Using the records that follow, reproduce exactly the lines starting at the line containing "FRAME City Darted Velvet Blazer outlook" and ending at the line containing "RGB LED Streifen". Include both end lines and no pictures.

* [RECORD EXTRACTS]
+--

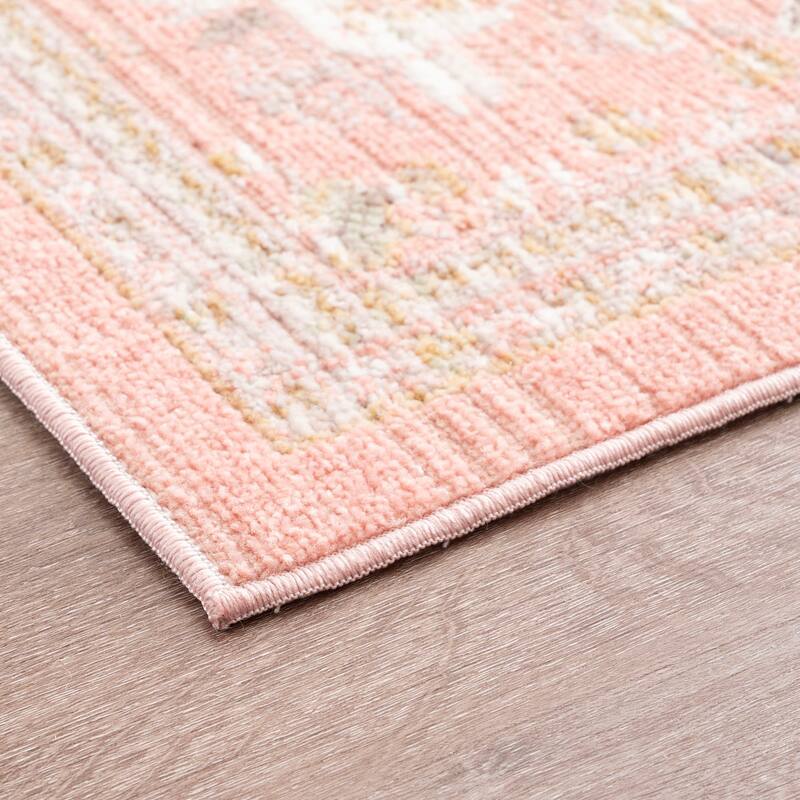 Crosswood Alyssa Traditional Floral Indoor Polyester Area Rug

+--

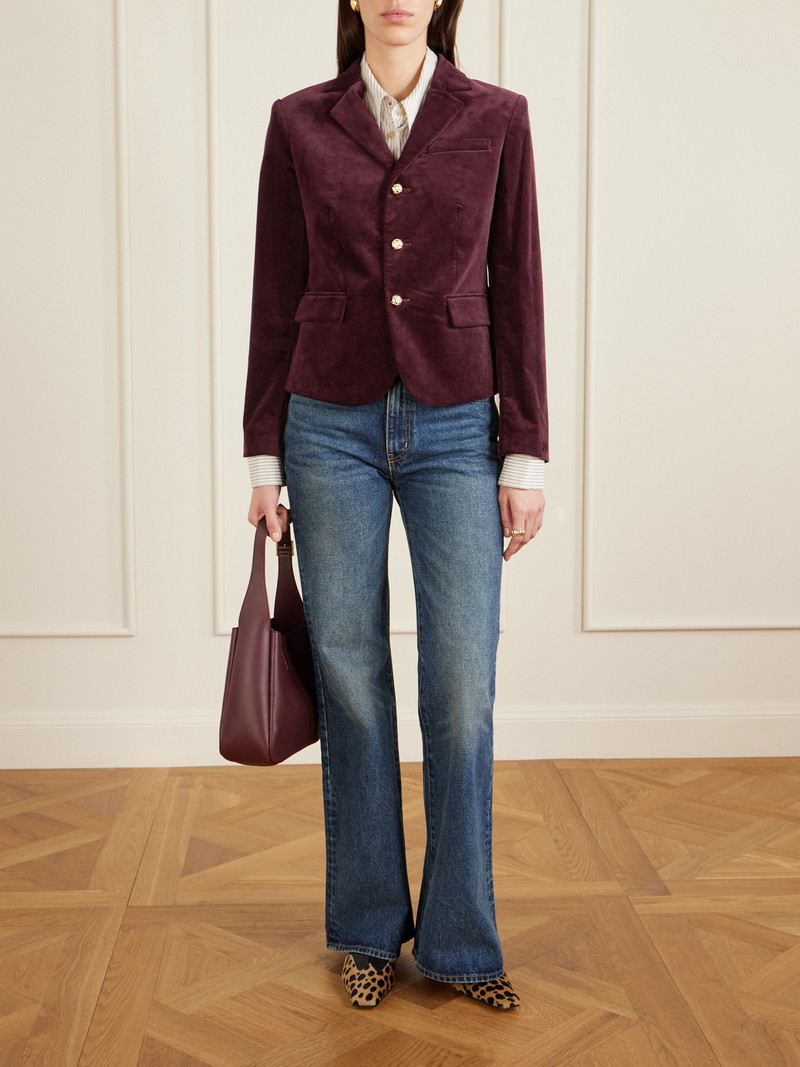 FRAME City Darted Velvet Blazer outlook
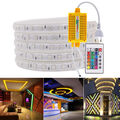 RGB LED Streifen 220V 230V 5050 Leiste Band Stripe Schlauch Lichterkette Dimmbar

+--

* [REPLY]
 FRAME City Darted Velvet Blazer outlook
 RGB LED Streifen 220V 230V 5050 Leiste Band Stripe Schlauch Lichterkette Dimmbar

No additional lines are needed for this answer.